UC Berkeley researchers and their collaborators found hundreds of relatively large viruses with genome sizes thought to only be characteristic of living organisms.
The study was co-authored by Basem Al-Shayeb and Rohan Sachdeva, who work in the Banfield Laboratory. Jillian Banfield is a UC Berkeley professor of earth and planetary science and of environmental science, policy and management, and was also a senior author of this study.
These viruses are called bacteriophages, or phages, and they infect bacteria. According to the study, most of the research on phages prior to the study was conducted on phages with genomes that are few tens of kilobases in length. This study, however, found hundreds of phage genomes that were over 200 kilobases long, the longest of which was 735 kilobases.

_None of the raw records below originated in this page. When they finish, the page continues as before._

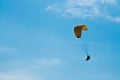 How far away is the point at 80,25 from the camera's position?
27.1 meters

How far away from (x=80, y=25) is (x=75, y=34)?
2078 mm

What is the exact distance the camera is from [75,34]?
27.5 m

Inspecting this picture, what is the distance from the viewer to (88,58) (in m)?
26.2

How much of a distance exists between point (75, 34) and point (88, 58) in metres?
5.45

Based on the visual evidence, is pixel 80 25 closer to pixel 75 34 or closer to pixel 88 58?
pixel 75 34

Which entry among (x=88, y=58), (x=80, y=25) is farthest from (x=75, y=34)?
(x=88, y=58)

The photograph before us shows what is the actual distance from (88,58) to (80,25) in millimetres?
6734

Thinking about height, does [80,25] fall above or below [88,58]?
above

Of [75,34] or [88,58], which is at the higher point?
[75,34] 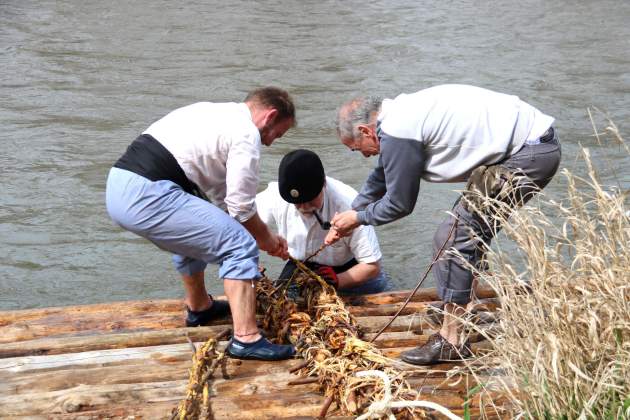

“We didn’t know at first (that) these things are pretty much found everywhere because there’s a bias assumption that viruses are small particles,” Al-Shayeb said. “For our approach, we looked at much bigger phages.”
The fact that the genomes for these phages are of this size blurs the lines between living and nonliving organisms, according to Sachdeva.
Viruses are viewed as nonliving organisms, as they need hosts to replicate. Some symbiotic bacteria operate in a similar way, however, requiring a host bacterium. Sachdeva said viruses often don’t have the genes needed to make proteins.
“These phages have the protein-making genes,” Sachdeva said. “It kind of pushes viruses more towards the side of living, but the thing is that they can’t make any of this without a host.”
Sachdeva concluded that phages, regardless of size, cannot be classified as living organisms.
Another result from this study was the discovery of a phage that can make a protein that is similar to the Cas9 protein in the CRISPR-Cas9 tool used for gene editing.
“We’ve found that these CRISPR-Cas systems on these viruses, which is weird because why would a virus carry this system?” Al-Shayeb said. “These target other viruses that are attempting to attack the same bacterium.”
Al-Shayeb added that this protein is most often found on bacteria, and it is used to target cells and cut mutated genes out of DNA.
Al-Shayeb and Sachdeva hypothesized in the study that these phages could be used for medical purposes by taming the phages with CRISPR-Cas9 systems and using them to eliminate unwanted bacteria.
Sachdeva said these results are just the first findings about these large phages.
“Phages which have large genomes are related, which means that these are established lineages with a long history of large genome size,” Banfield said in a Berkeley News article. “Having large genomes is one successful strategy for existence, and a strategy we know very little about.”